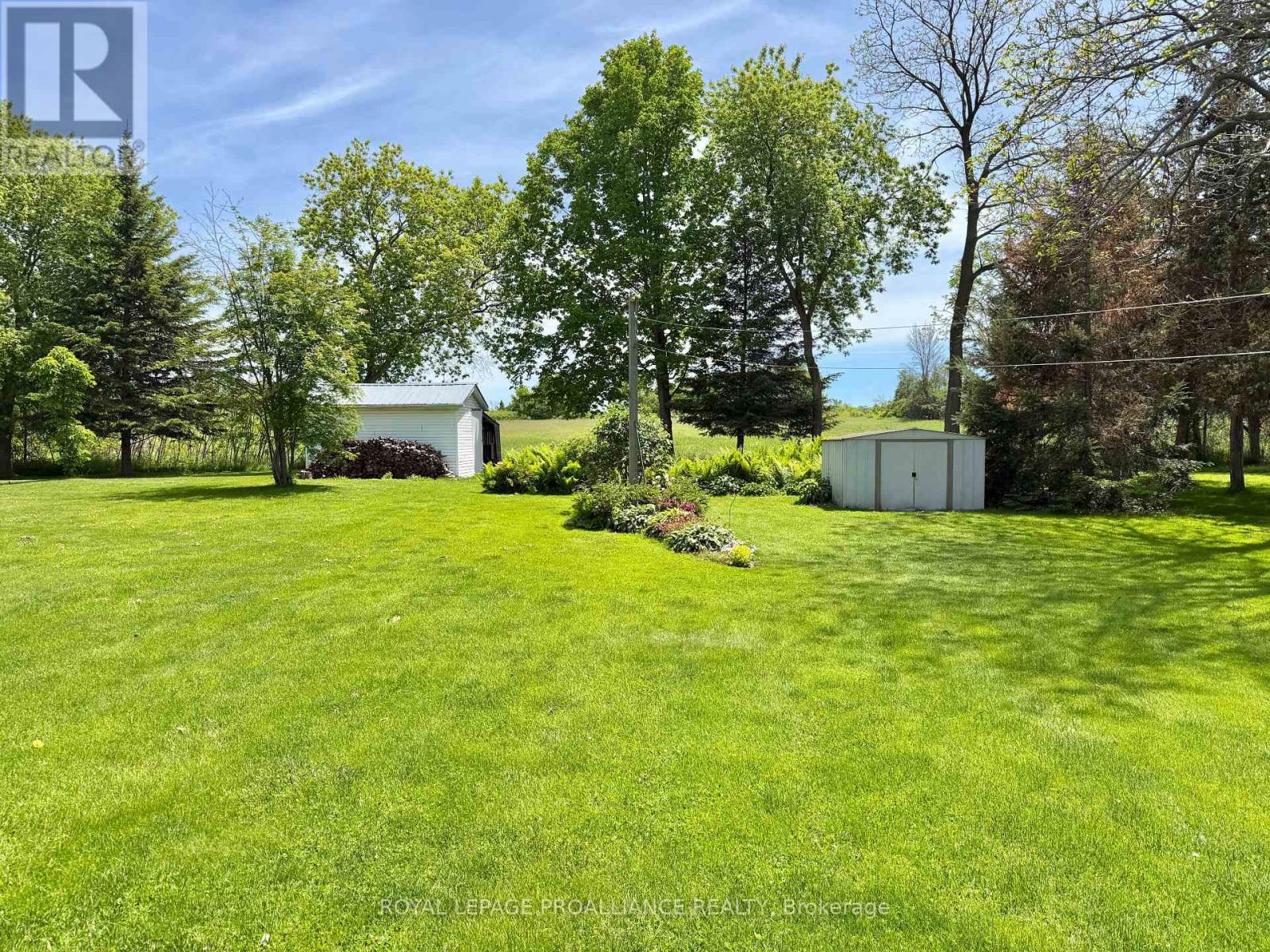 471 COUNTY ROAD 3 ROAD - 4
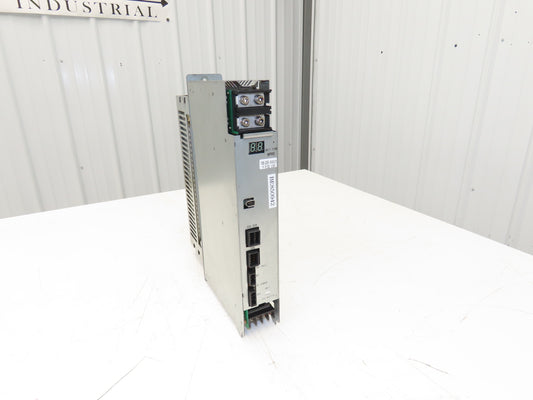 Okuma 1006-2205 MPR5 Power Supply Module Unit U 301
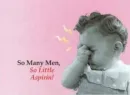 all about men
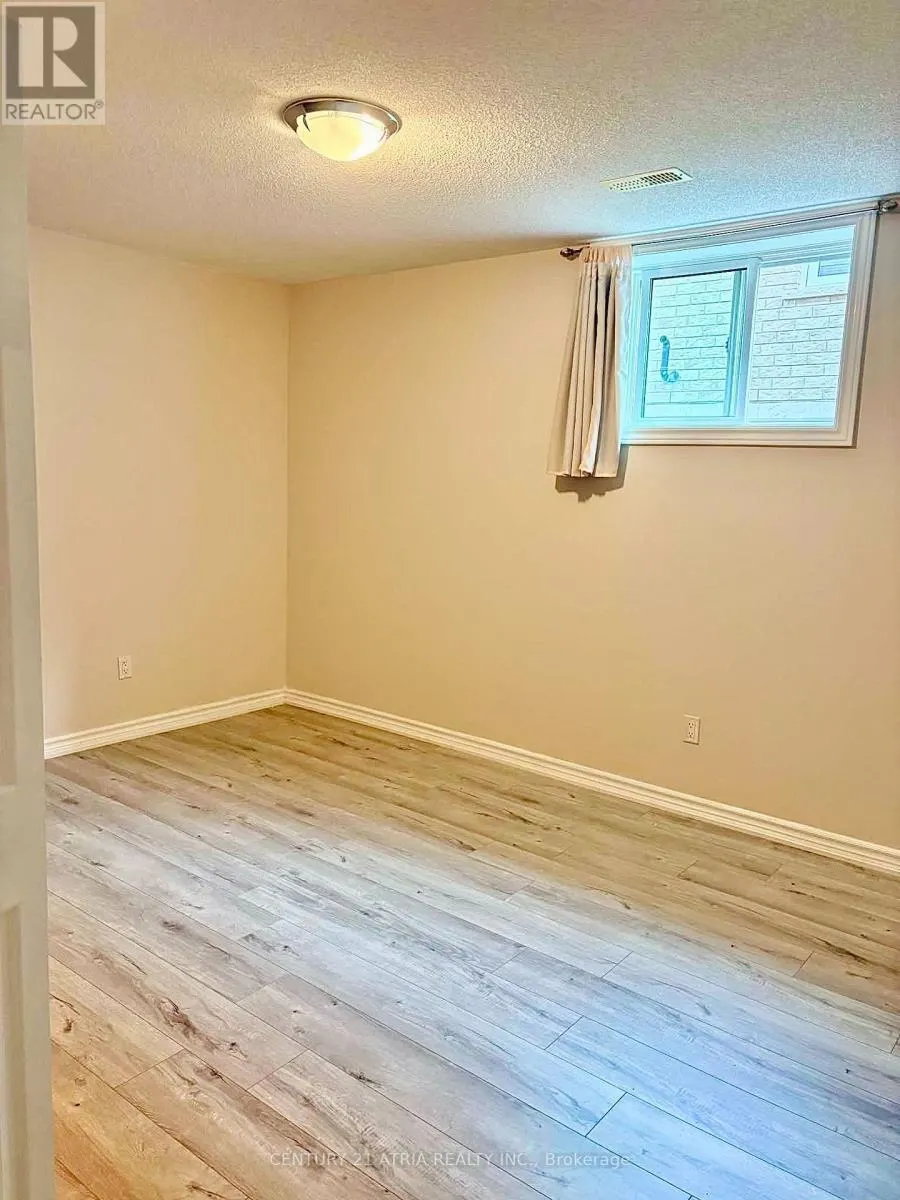 1688 KEPPLER CRESCENT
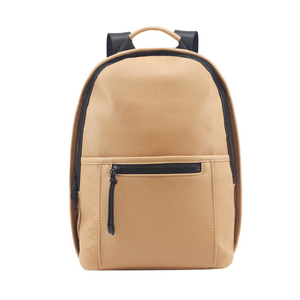 Mochila Mayra Camel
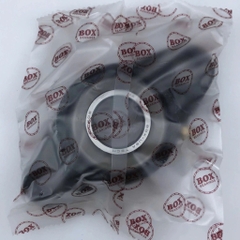 Bạc Đạn/Vòng Bi BOX- MODEL:  UCFL-205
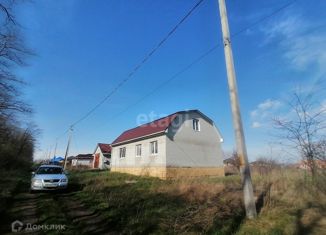 Дом на продажу, 203.9 м2, Ставрополь, улица Ломоносова, микрорайон № 5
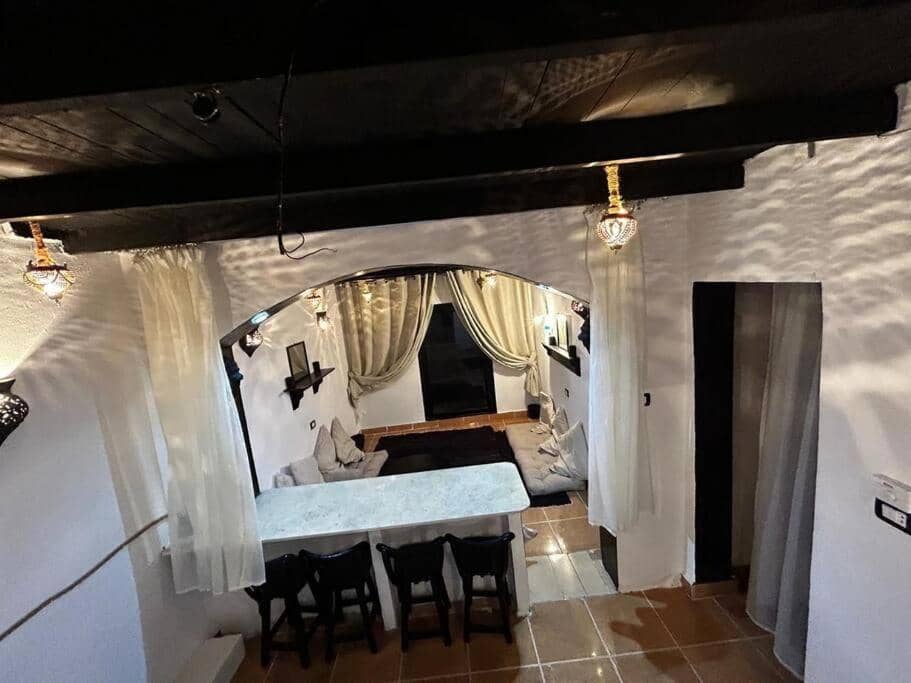 Villa G Beachfront Property — 4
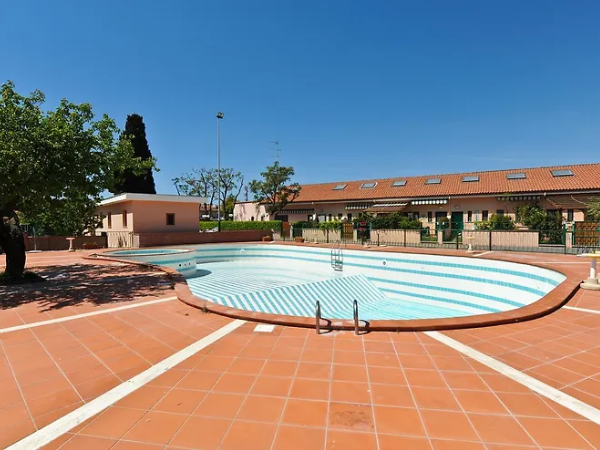La Perla del Tirreno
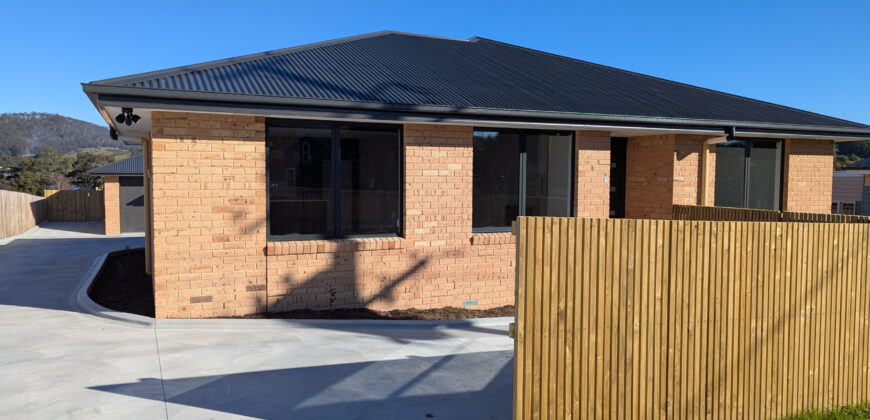1/7379 Channel Hwy, Cygnet TAS 7112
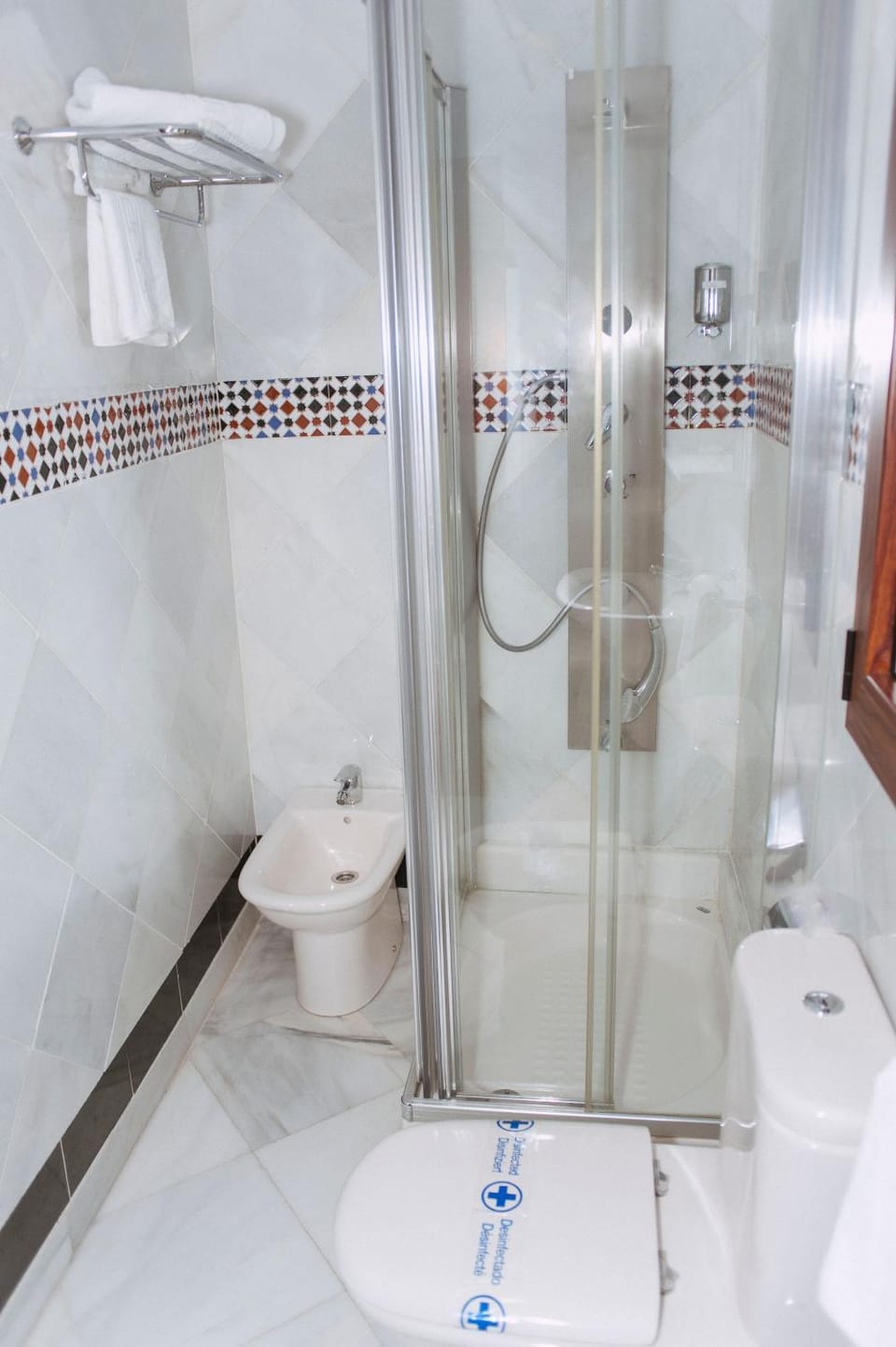 Bathroom, Other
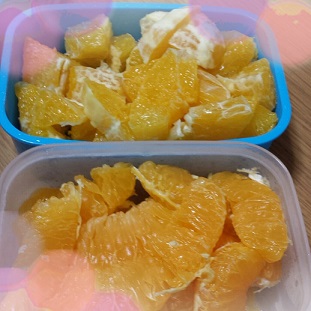 2014-02-26_20.27.28.jpg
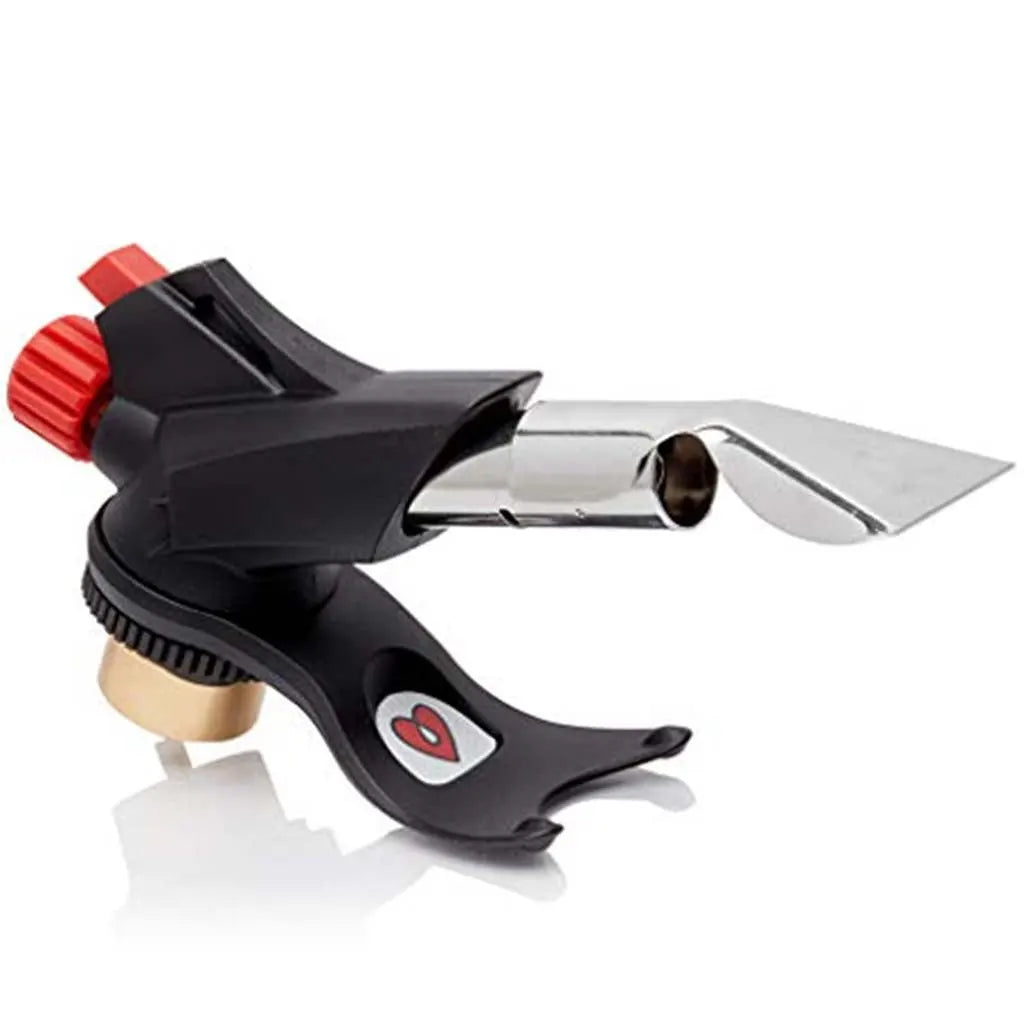 ArtResin Pro Torch Head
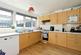 Additional image 8 of Shadwells Road, Lancing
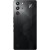 pol_pl_Smartphone-REDMAGIC-10-Pro-5G-12-256GB-Shadow-22518_3.jpg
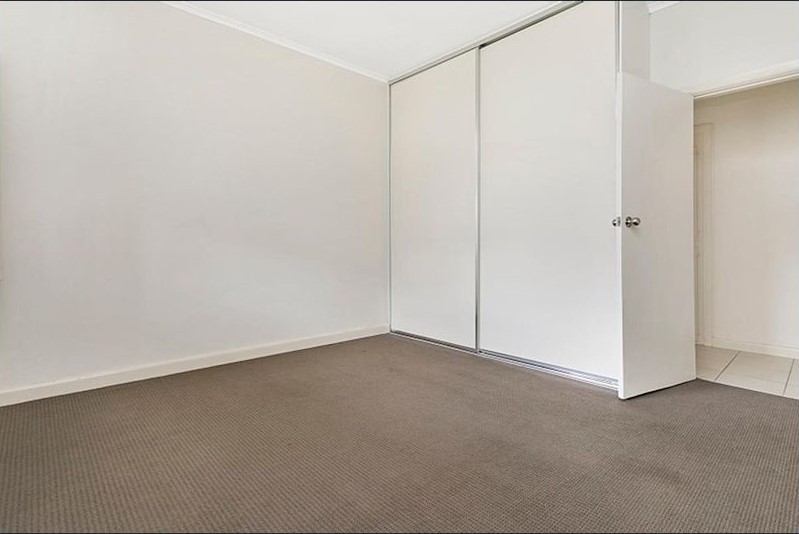 13 Ellis StreetFlora Hill, VIC 3550  - Leased, Flora Hill - Thumbnail 2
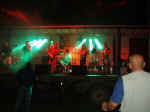 stage2.jpg (89439 Byte)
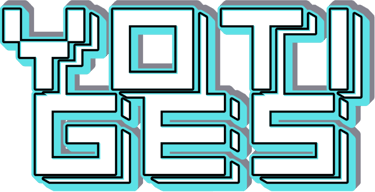Yotiges logo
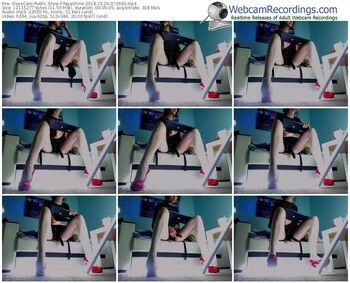 xlovecam-tayashine-webcam-show-10_26_2018-07_26_30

(Work request)
The entries must be written out again unchanged. Images are to be left out.

(Result for this exercise)
 471 COUNTY ROAD 3 ROAD - 4
 Okuma 1006-2205 MPR5 Power Supply Module Unit U 301
 all about men
 1688 KEPPLER CRESCENT
 Mochila Mayra Camel
 Bạc Đạn/Vòng Bi BOX- MODEL:  UCFL-205
 Дом на продажу, 203.9 м2, Ставрополь, улица Ломоносова, микрорайон № 5
 Villa G Beachfront Property — 4
La Perla del Tirreno
1/7379 Channel Hwy, Cygnet TAS 7112
 Bathroom, Other
 2014-02-26_20.27.28.jpg
 ArtResin Pro Torch Head
 Additional image 8 of Shadwells Road, Lancing
 pol_pl_Smartphone-REDMAGIC-10-Pro-5G-12-256GB-Shadow-22518_3.jpg
 13 Ellis StreetFlora Hill, VIC 3550  - Leased, Flora Hill - Thumbnail 2
 stage2.jpg (89439 Byte)
Yotiges logo
 xlovecam-tayashine-webcam-show-10_26_2018-07_26_30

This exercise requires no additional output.